Print every record exactly.

:: Supplied data

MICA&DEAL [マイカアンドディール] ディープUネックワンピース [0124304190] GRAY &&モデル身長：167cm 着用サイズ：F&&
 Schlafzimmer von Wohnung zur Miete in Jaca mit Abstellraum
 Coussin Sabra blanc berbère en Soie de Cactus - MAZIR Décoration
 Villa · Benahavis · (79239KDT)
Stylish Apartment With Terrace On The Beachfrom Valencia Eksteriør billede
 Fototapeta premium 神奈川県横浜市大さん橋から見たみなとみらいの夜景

::::

Task response
MICA&DEAL [マイカアンドディール] ディープUネックワンピース [0124304190] GRAY &&モデル身長：167cm 着用サイズ：F&&
 Schlafzimmer von Wohnung zur Miete in Jaca mit Abstellraum
 Coussin Sabra blanc berbère en Soie de Cactus - MAZIR Décoration
 Villa · Benahavis · (79239KDT)
Stylish Apartment With Terrace On The Beachfrom Valencia Eksteriør billede
 Fototapeta premium 神奈川県横浜市大さん橋から見たみなとみらいの夜景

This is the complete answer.